### [RECORDS FOR THIS TASK]
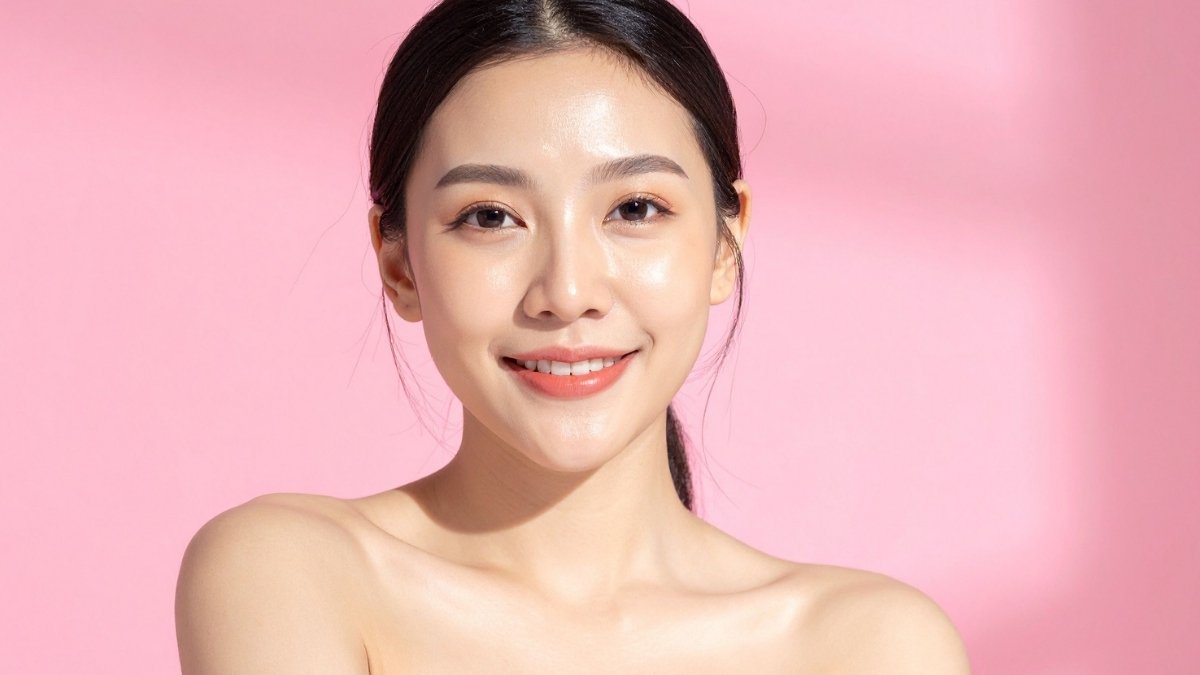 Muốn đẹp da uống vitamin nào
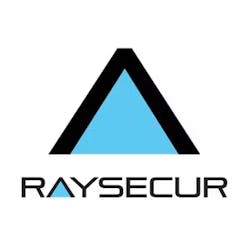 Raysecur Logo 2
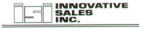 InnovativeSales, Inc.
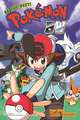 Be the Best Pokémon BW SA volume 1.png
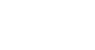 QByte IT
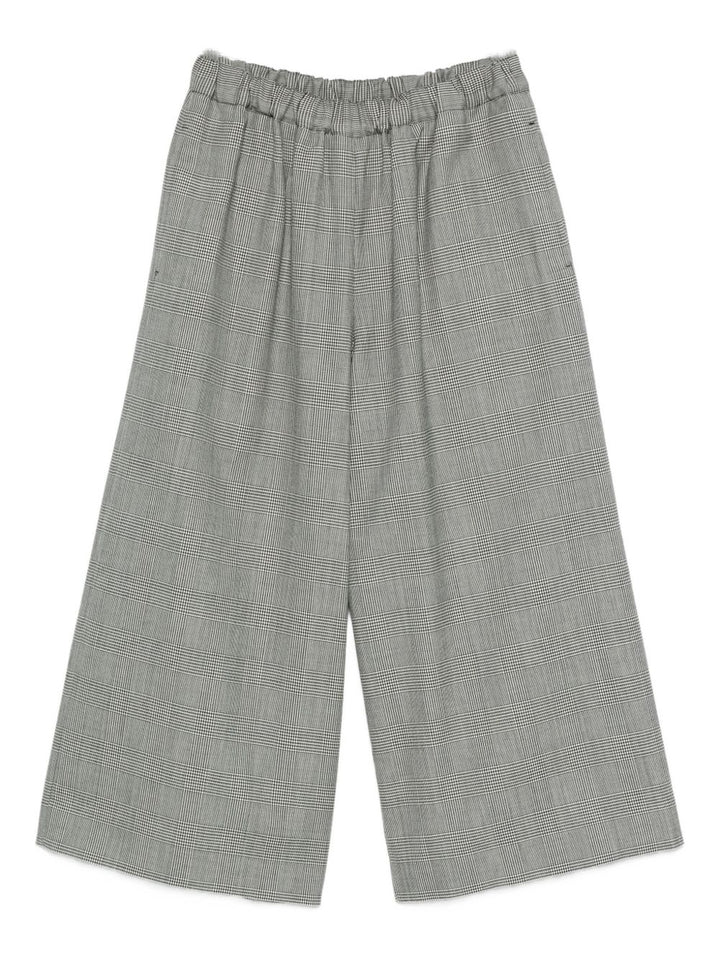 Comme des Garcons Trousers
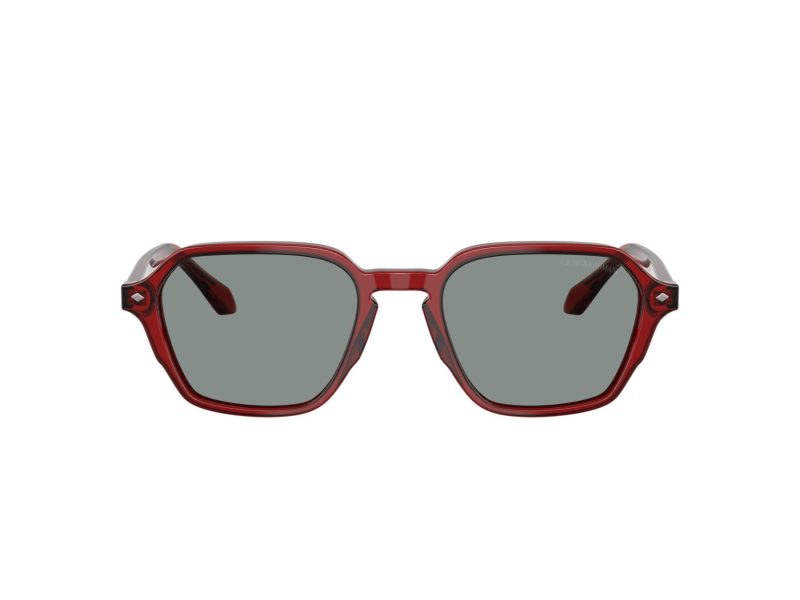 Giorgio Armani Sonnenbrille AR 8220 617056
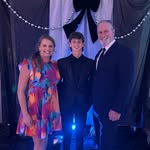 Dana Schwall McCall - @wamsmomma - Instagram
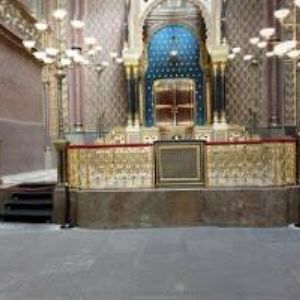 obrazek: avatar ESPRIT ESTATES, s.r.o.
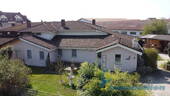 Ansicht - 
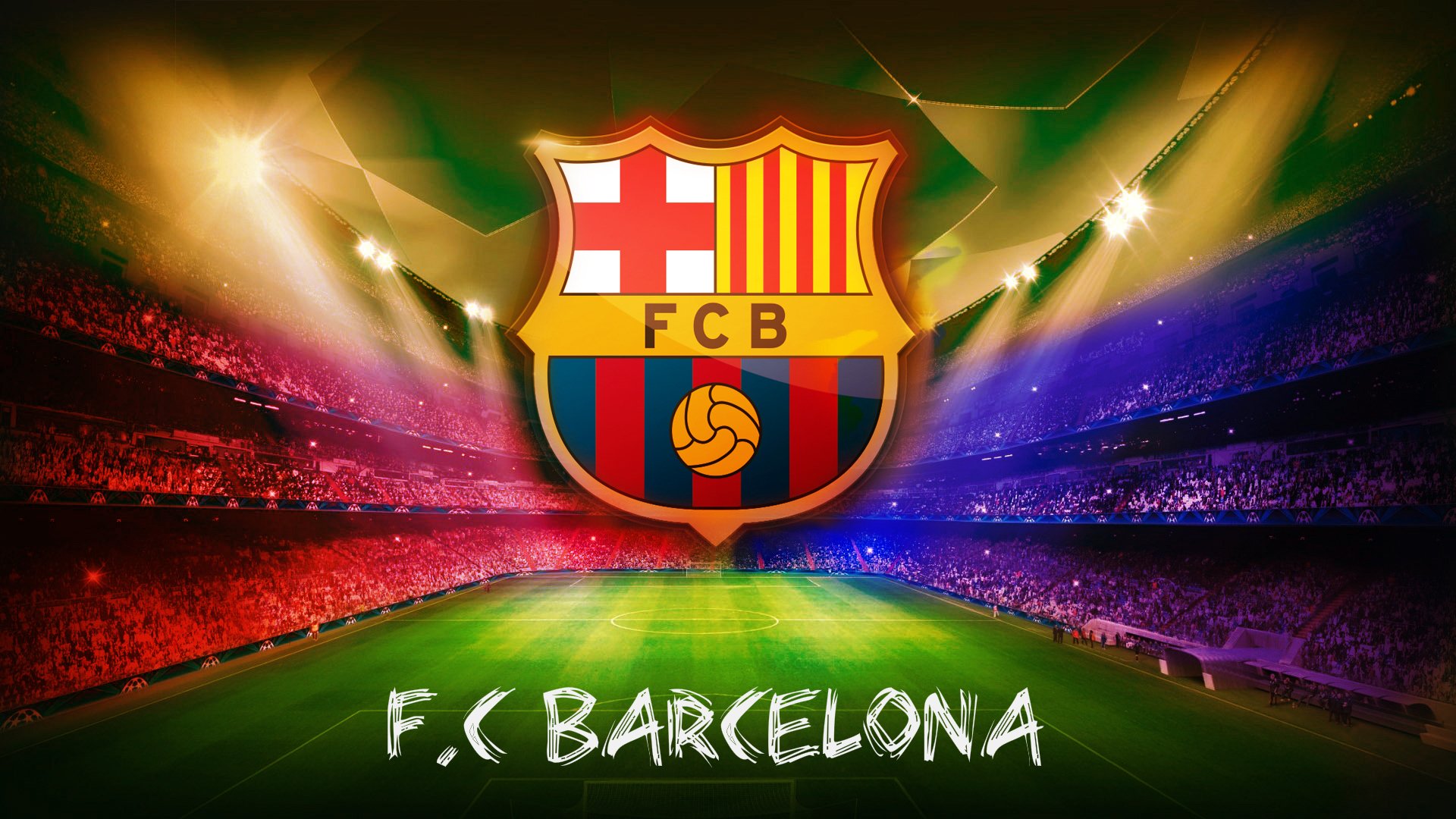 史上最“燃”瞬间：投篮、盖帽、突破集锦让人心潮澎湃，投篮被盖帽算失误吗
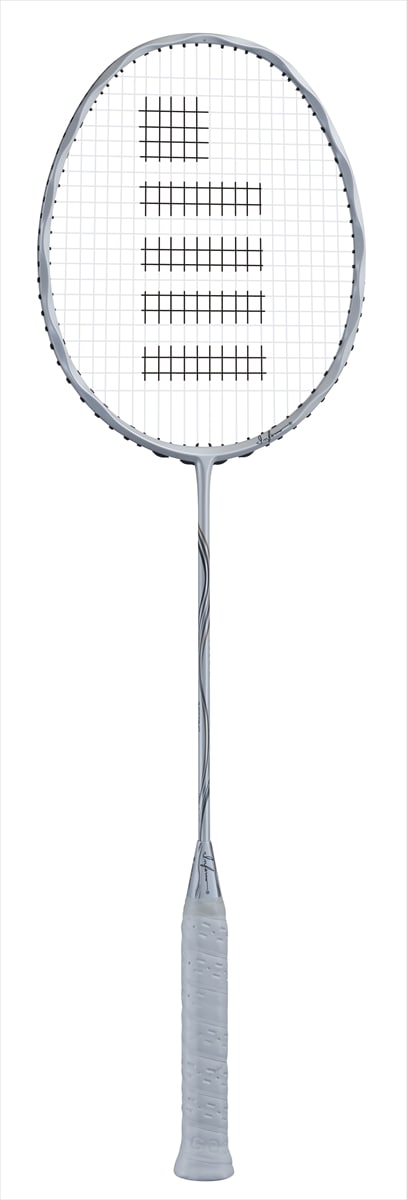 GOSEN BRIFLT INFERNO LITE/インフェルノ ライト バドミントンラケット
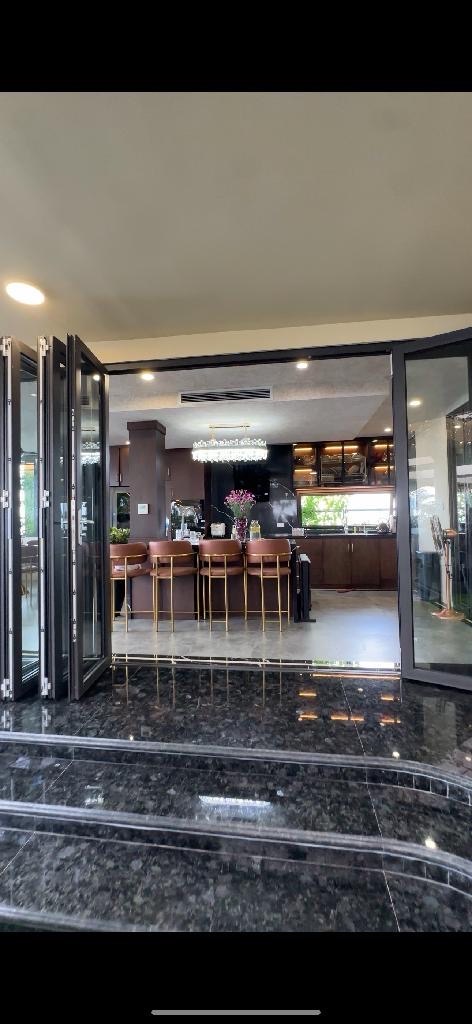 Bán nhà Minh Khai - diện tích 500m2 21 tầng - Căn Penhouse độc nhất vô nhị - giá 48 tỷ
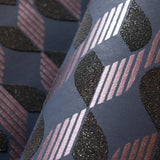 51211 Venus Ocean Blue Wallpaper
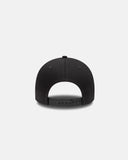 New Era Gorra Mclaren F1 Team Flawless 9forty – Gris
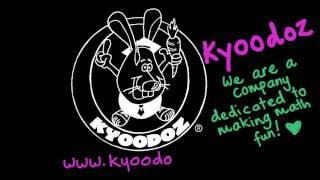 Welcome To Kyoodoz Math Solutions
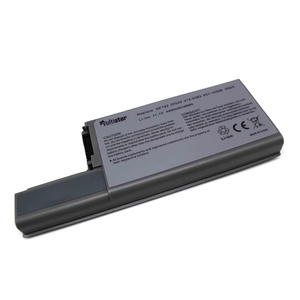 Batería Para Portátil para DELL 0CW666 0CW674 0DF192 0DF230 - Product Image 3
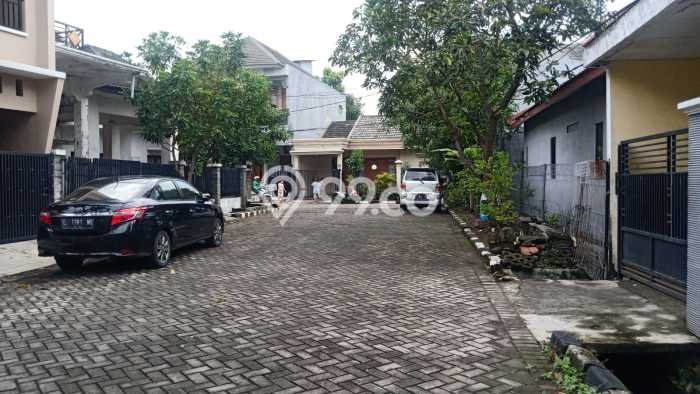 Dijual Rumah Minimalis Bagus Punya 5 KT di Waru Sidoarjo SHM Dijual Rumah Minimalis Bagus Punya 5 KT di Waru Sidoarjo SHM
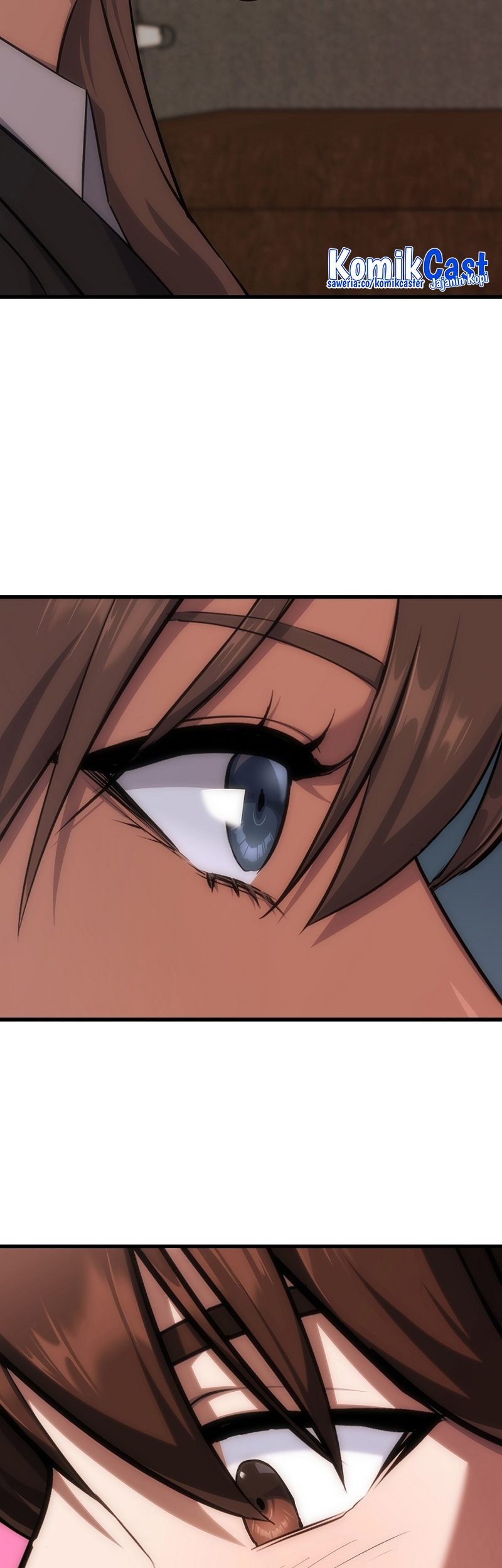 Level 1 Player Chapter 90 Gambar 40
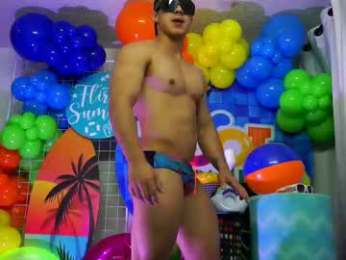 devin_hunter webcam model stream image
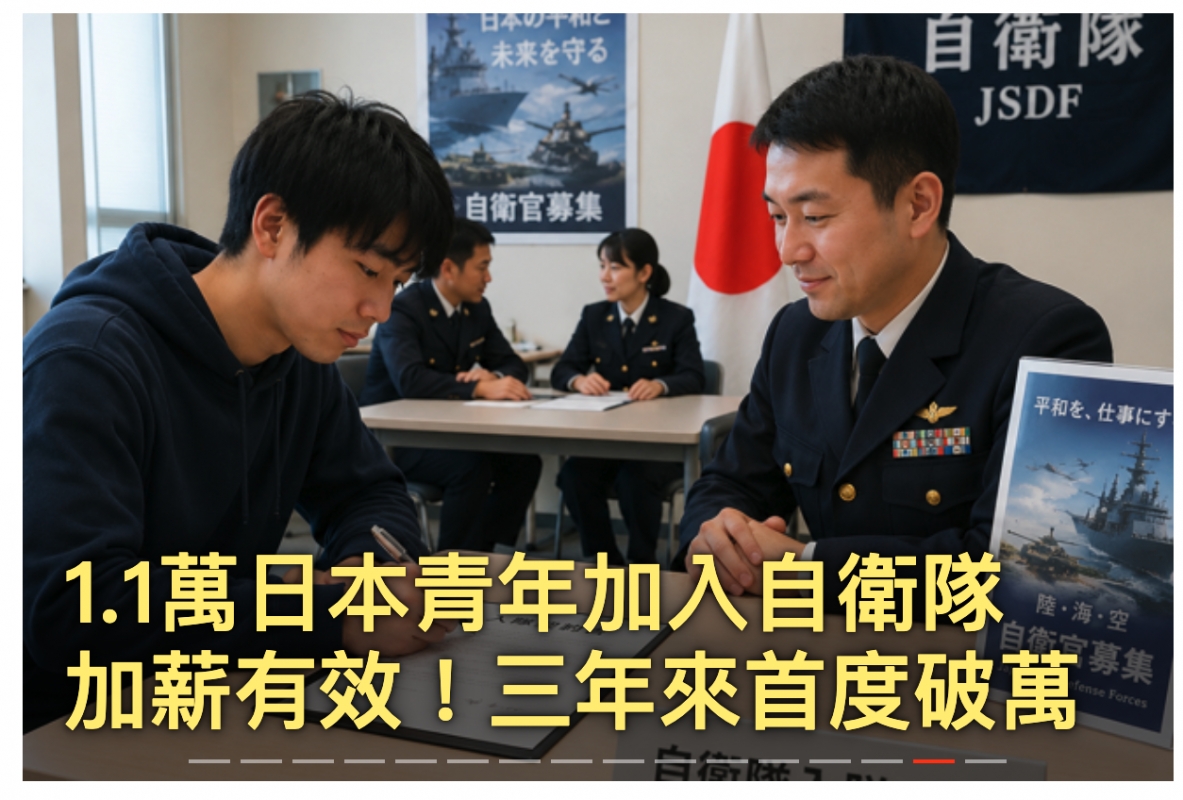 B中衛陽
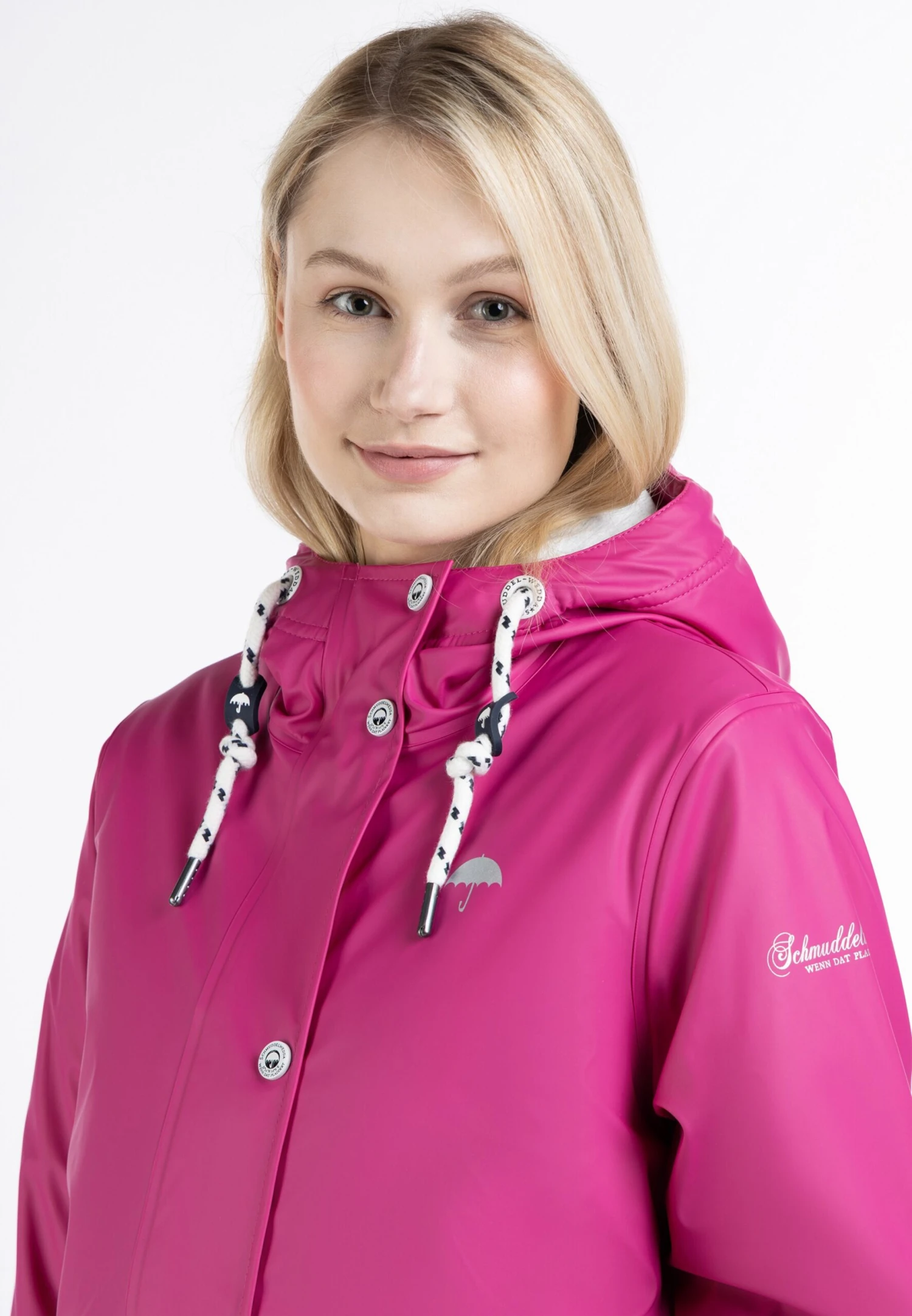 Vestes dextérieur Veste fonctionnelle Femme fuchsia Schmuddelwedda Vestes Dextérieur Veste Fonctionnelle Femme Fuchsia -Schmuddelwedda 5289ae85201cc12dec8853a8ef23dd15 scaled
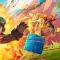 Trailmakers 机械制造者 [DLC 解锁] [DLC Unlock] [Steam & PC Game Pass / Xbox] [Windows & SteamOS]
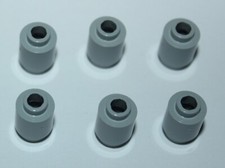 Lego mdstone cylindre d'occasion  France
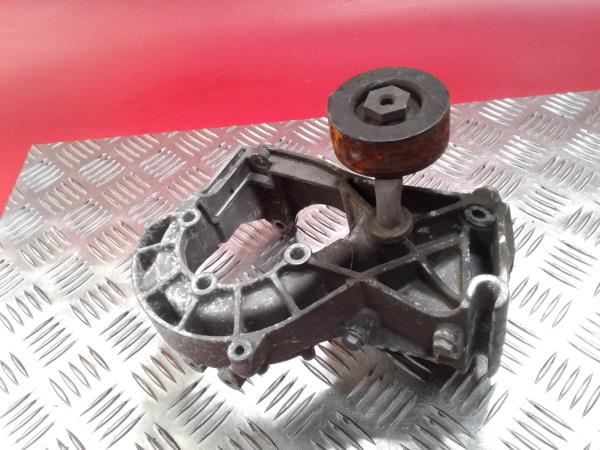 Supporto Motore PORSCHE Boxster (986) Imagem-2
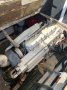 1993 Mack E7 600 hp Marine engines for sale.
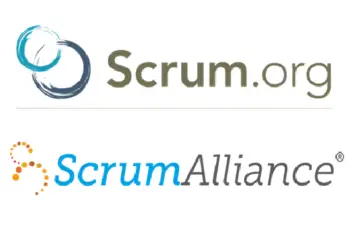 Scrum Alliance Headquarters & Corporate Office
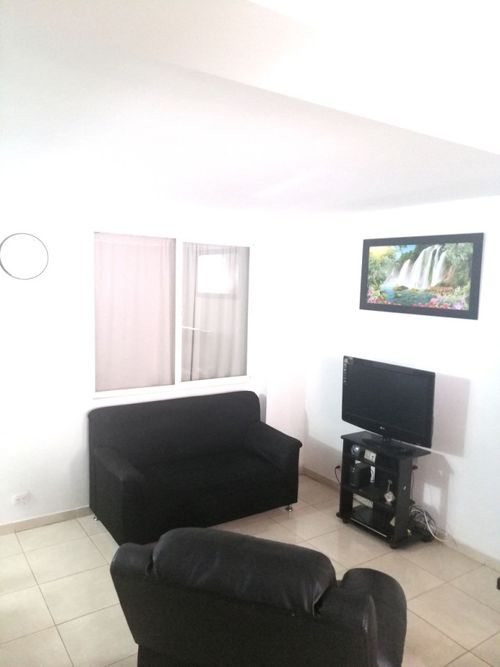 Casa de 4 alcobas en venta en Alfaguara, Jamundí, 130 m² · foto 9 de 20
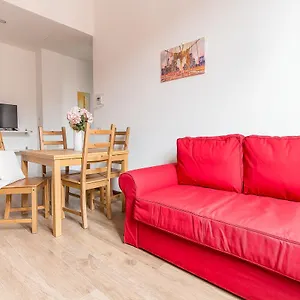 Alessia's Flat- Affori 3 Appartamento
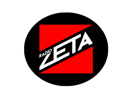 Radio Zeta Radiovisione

### [THE TASK]
Return exactly the lines from the one containing "Raysecur Logo 2" through the end of the records, leaving out every picture.

### [TASK ANSWER]
 Raysecur Logo 2
 InnovativeSales, Inc.
 Be the Best Pokémon BW SA volume 1.png
 QByte IT
 Comme des Garcons Trousers
 Giorgio Armani Sonnenbrille AR 8220 617056
 Dana Schwall McCall - @wamsmomma - Instagram
 obrazek: avatar ESPRIT ESTATES, s.r.o.
 Ansicht - 
 史上最“燃”瞬间：投篮、盖帽、突破集锦让人心潮澎湃，投篮被盖帽算失误吗
 GOSEN BRIFLT INFERNO LITE/インフェルノ ライト バドミントンラケット
 Bán nhà Minh Khai - diện tích 500m2 21 tầng - Căn Penhouse độc nhất vô nhị - giá 48 tỷ
 51211 Venus Ocean Blue Wallpaper
 New Era Gorra Mclaren F1 Team Flawless 9forty – Gris
 Welcome To Kyoodoz Math Solutions
 Batería Para Portátil para DELL 0CW666 0CW674 0DF192 0DF230 - Product Image 3
 Dijual Rumah Minimalis Bagus Punya 5 KT di Waru Sidoarjo SHM Dijual Rumah Minimalis Bagus Punya 5 KT di Waru Sidoarjo SHM
 Level 1 Player Chapter 90 Gambar 40
 devin_hunter webcam model stream image
 B中衛陽
 Vestes dextérieur Veste fonctionnelle Femme fuchsia Schmuddelwedda Vestes Dextérieur Veste Fonctionnelle Femme Fuchsia -Schmuddelwedda 5289ae85201cc12dec8853a8ef23dd15 scaled
 Trailmakers 机械制造者 [DLC 解锁] [DLC Unlock] [Steam & PC Game Pass / Xbox] [Windows & SteamOS]
 Lego mdstone cylindre d'occasion  France
 Supporto Motore PORSCHE Boxster (986) Imagem-2
 1993 Mack E7 600 hp Marine engines for sale.
 Scrum Alliance Headquarters & Corporate Office
 Casa de 4 alcobas en venta en Alfaguara, Jamundí, 130 m² · foto 9 de 20
 Alessia's Flat- Affori 3 Appartamento
 Radio Zeta Radiovisione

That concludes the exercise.